However, although recent debate about the Treaty in the life of the nation has raised problems for those who subscribe to the "one New Zealand" view, in fact, New Zealand has long since adopted a policy of recognising and, often valuing, indigeneity. The 1835 Declaration of Independence was essentially recognition of indigenous rights including indigenous sovereignty. Its successor, the 1840 Treaty of Waitangi also acknowledged distinctive rights that flowed from notions of the doctrine of Aboriginal title, and went beyond mere recognition by prescribing a relationship between Mäori and the Crown. Later, when arrangements for political representation within New Zealand were revised in 1867, indigeneity was clearly recognised through the Mäori Representation Act 1867 that guaranteed four Mäori seats in the House of Representatives.
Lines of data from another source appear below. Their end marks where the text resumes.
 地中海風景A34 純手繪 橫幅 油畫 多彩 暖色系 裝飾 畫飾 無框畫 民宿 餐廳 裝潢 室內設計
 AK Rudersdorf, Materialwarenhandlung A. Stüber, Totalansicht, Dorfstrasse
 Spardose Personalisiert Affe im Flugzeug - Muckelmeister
Whatever the rationale for the Act, it gave expression to an evolving convention that would recognise Mäori as a protected group who had claim to a distinctive constitutional position. The extent of that distinctiveness is perhaps not the issue; the point is that at the height of British imperialism, the colonial government had not been able to dismiss an indigenous right to political recognition.

Since then, however, and for a variety of reasons, there have been regular calls for the abolition of the Mäori seats. It was often argued, for example, that because there had been two or three Mäori members of Parliament representing general seats, the need for separate Mäori seats had become outmoded. Mäori participation, rather than Mäori representation, appeared to be the more pressing priority, a type of equal opportunities concern.
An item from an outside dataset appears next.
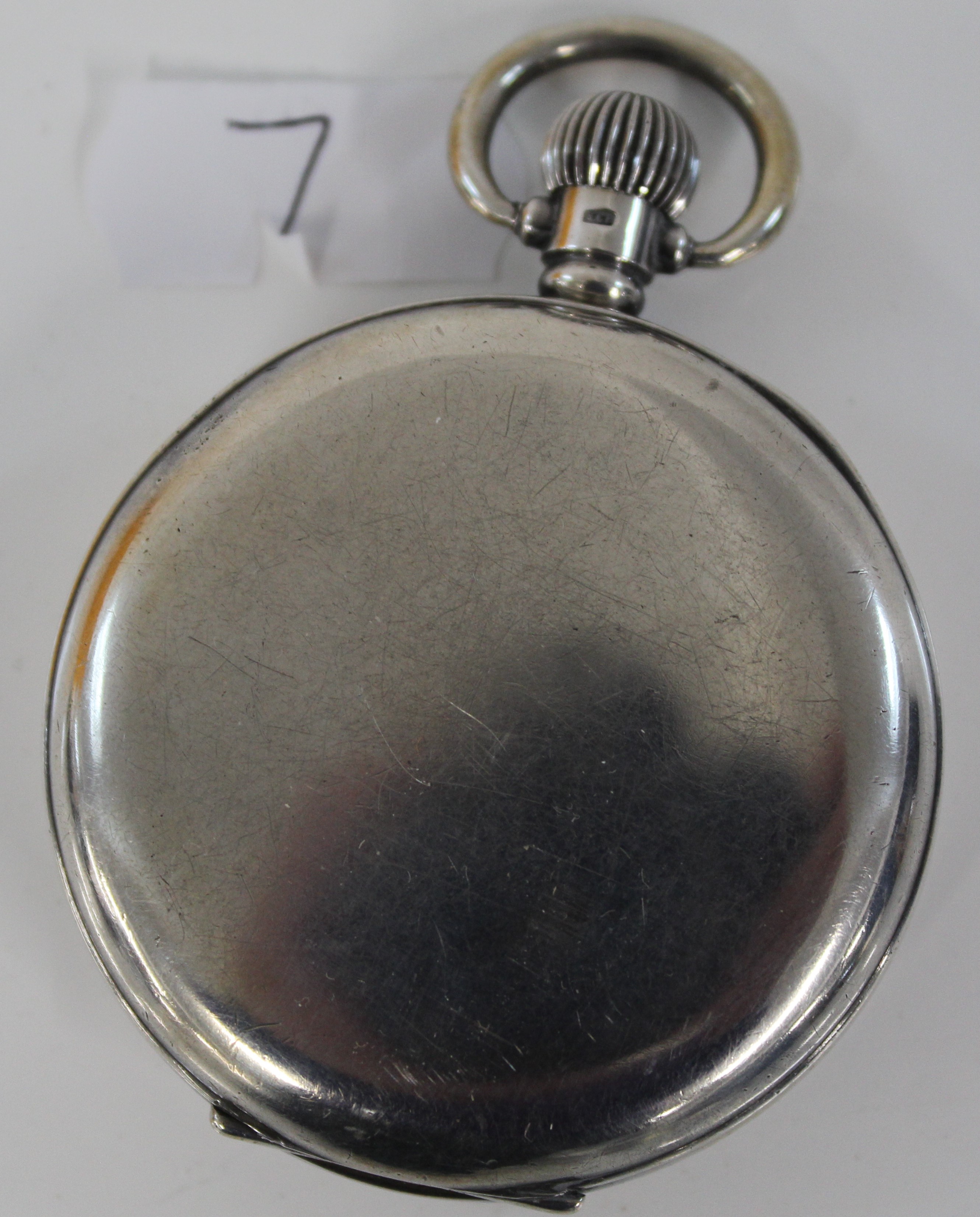 60hr Bunn Special pocket watch in silver case - runs - Image 2 of 2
In addition, when first mooted, Mixed Member Proportional representation would also have led to the abolition of designated Mäori seats. The Royal Commission on the Electoral System had concluded that a Mäori party would provide adequate safeguards for Mäori and the four seats would therefore be redundant. When the Electoral Reform Bill was drafted, it consequently made no provision for the four Mäori seats. Widespread Mäori indignation followed, the abolition of the seats being seen as an erosion of an established constitutional convention. The result was the re-establishment of the seats, without very much debate, but with a new formula for deciding the number of seats. Whereas previously the number of seats had been fixed at four, regardless of the total Mäori population or the number of voters, under the new Electoral Act 1993, the number of seats would be a function of the number of people enrolled on the Mäori roll.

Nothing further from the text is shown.